Art. 2.Het afleveren van een bewijs van ontvangst van de aangifte hoeft niet per sé door de "ontvanger" te worden gedaan. Het past dan ook de tekst aan te passen door die functiespecificatie weg te laten.

Art. 3 en 4. De opheffing van de artikelen 4 en 5 van hetzelfde koninklijk besluit vloeit voort uit de recente opheffing van artikel 104 van het Wetboek der successierechten.

Art. 5.Artikel 6 van hetzelfde koninklijk besluit regelt de vaststelling van de "prijscourant" door de federale overheid. Hij werd tot enige tijd geleden gebruikt in het kader van de successie- en schenkingsrechten.

Ingevolge wijzigingen van de teksten betreffende die rechten werd de prijscourant enkel nog als waarderingsinstrument gebruikt in het kader van de schenkingsrechten in het Waalse Gewest.

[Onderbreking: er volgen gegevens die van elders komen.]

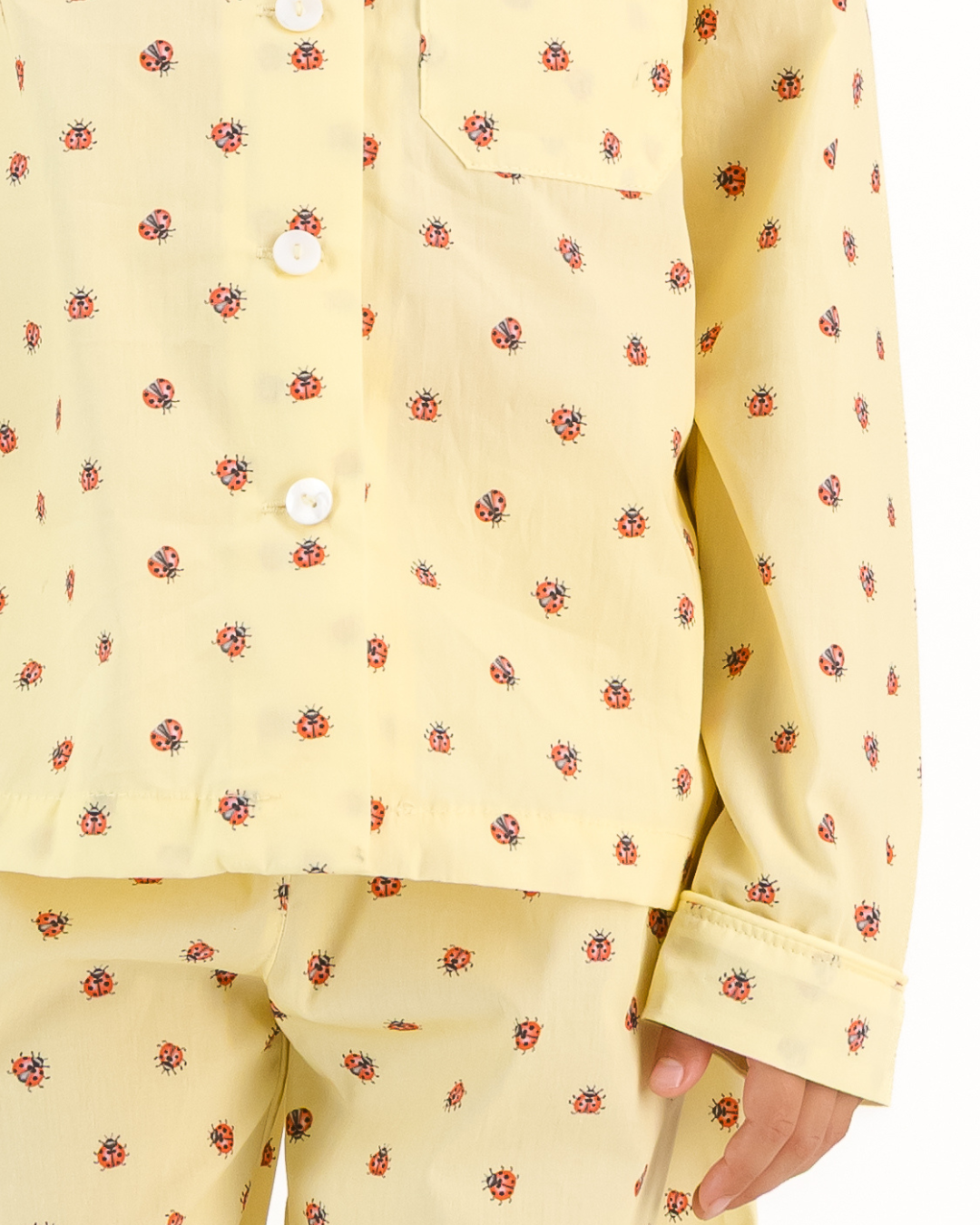 Girls Long Pyjamas - Red Lady Bugs on Yellow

Het Waals decreet van 6 mei 2019 houdende verscheidene fiscale bepalingen (B.S. 27.05.02019, eerste editie) heeft een eind gemaakt aan het gebruik ervan, met uitwerking op 6 juni 2019.

Aldus heeft vermeld artikel 6 elke reden van bestaan verloren en moet het dus worden opgeheven met uitwerking op 6 juni 2019 (zie artikel 19 van het ontwerp).

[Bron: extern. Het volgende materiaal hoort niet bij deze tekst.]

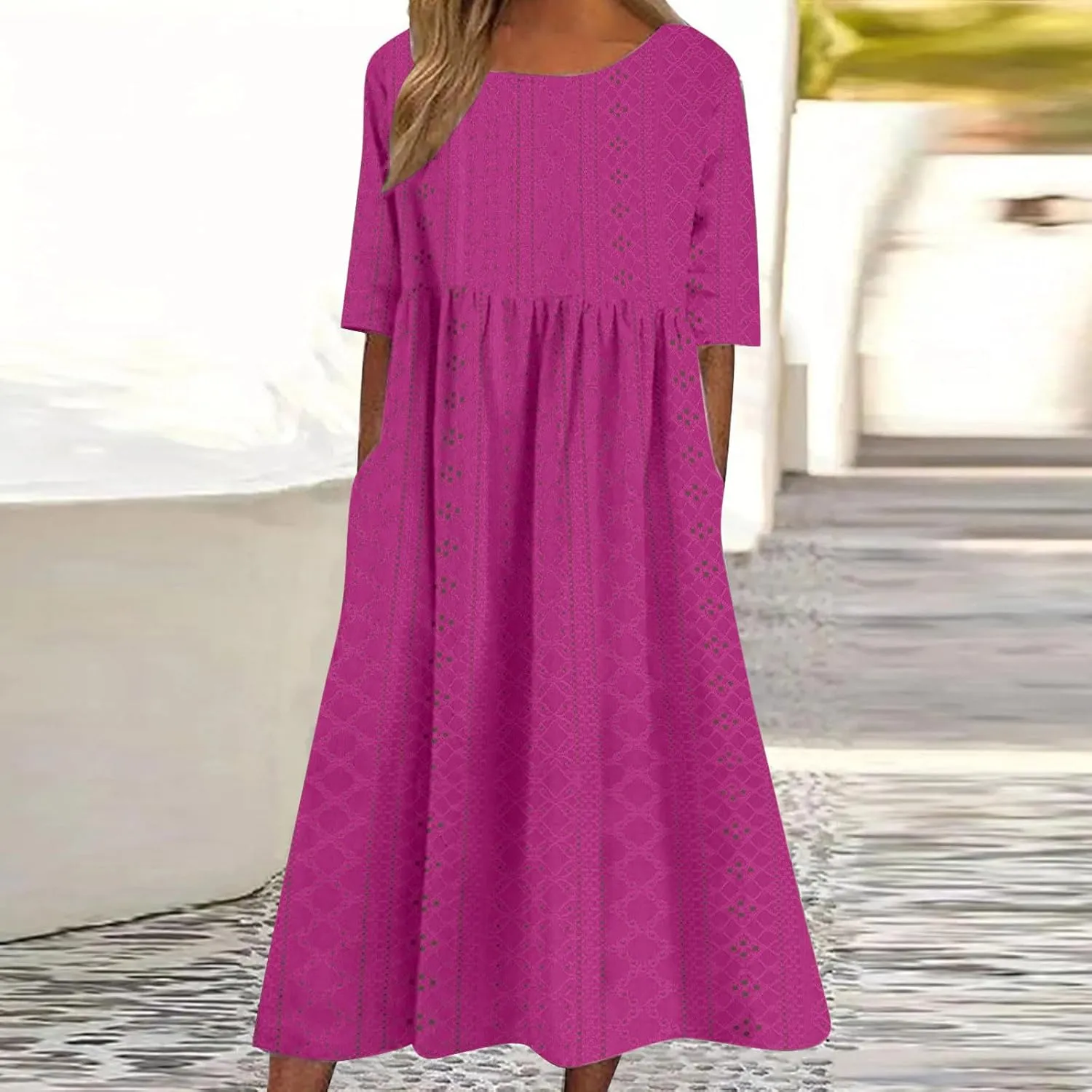 Womens Short Sleeve Casual Sundress Simple Solid Color Midi Dress Loose Casual Eyelet Comfy Summer Dresses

Art. 6.Ingevolge het niet meer bestaan van de functie van gewestelijk directeur wordt de tekst aangepast wat betreft de aanduiding van de ambtenaar aan wie de informatie bedoeld in de artikelen 96 tot 99, 101 en 103 van het Wetboek der successierechten moet worden gezonden. Dat is voortaan de bevoegde adviseur-generaal van het Centrum Rechtszekerheid van de Algemene Administratie van de Patrimoniumdocumentatie

Art. 7.Dit artikel herneemt de lijst van de toegelaten wijzen van betaling en bepaalt bovendien wanneer ze uitwerking hebben.

De mogelijkheid tot betaling met een postwissel wordt nu echter ook verlaten.

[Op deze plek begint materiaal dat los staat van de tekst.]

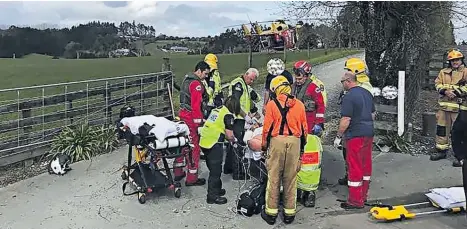  ?? Main photo / Westpac Rescue Helicopter ?? Bill Blundell (above) was seriously hurt (right) when he was pinned under his quad bike in Mangawhai.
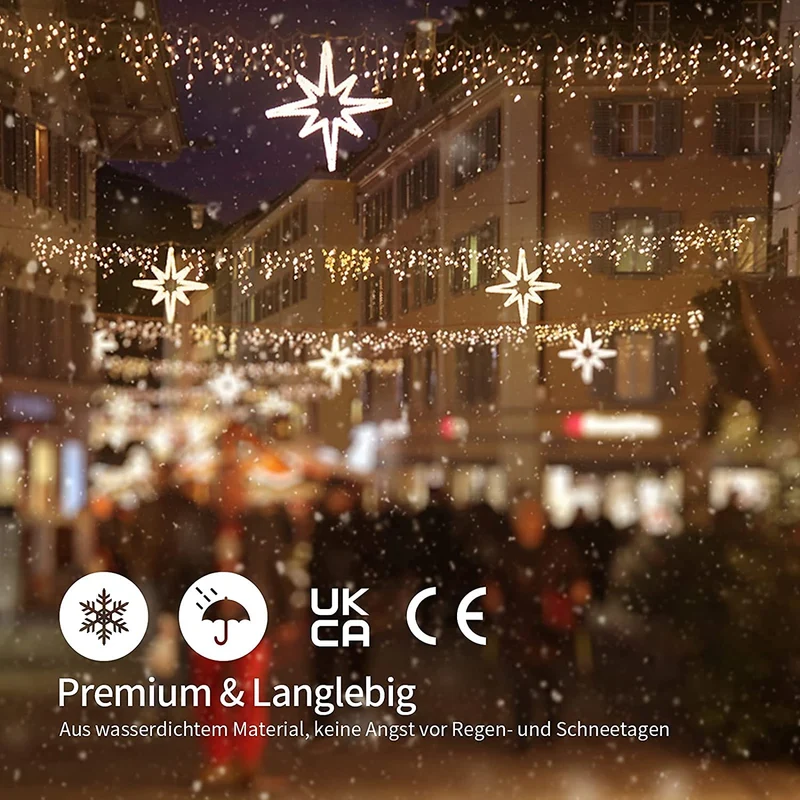 Eiszapfen Lichterkette – IP44 Wasserdicht, 11 Modi, Dimmbar, Timer & Speicherfunktion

Daarentegen wordt een nieuwe wijze van betaling toegelaten, meer bepaald de betaling met een debetkaart aan de betaalterminal van het met de inning en invordering belaste kantoor.

In zijn voormeld advies is de Raad van State van oordeel dat artikel 832 van het Wetboek der successierechten onvoldoende rechtsgrondslag biedt voor artikel 7.

Nochtans had de wetgever in 1959 duidelijk de bedoeling om de Koning bevoegd te maken om de toegelaten betalingswijzen te moderniseren en tegelijkertijd om betalingen in speciën te vermijden.

Een teleologische interpretatie van artikel 832 van het Wetboek der successierechten biedt dus wel degelijk de nodige rechtsgrond voor artikel 8 van het koninklijk besluit van 31 maart 1936.

Er dient bovendien te worden opgemerkt dat, in het kader van de successierechten, de betaling in speciën in principe al niet meer mogelijk is op basis van de huidige tekst. Dat verbod is nooit het voorwerp van enige kritiek geweest.

Art. 8.In plaats van het onderwerp uit te maken van een afzonderlijk artikel, wordt de bepaling van het tijdstip waarop een betaling uitwerking heeft geïntegreerd in artikel 8 van het algemeen reglement.

Artikel 8bis wordt bijgevolg opgeheven.

Art. 9.Vermits de jaarlijkse taks op de coördinatiecentra niet meer bestaat (het Boek III van het Wetboek der successierechten werd opgeheven door artikel 95 van de wet van 21 december 2013), wordt artikel 8ter van het algemeen reglement opgeheven.

Art. 10.De opheffing van artikel 13 van het algemeen reglement is een gevolg van de opheffing van artikel 162sexies van het Wetboek der successierechten (cf.de bovenvermelde opheffing van het Boek III van het Wetboek der successierechten), dat de rechtsgrond ervoor vormde.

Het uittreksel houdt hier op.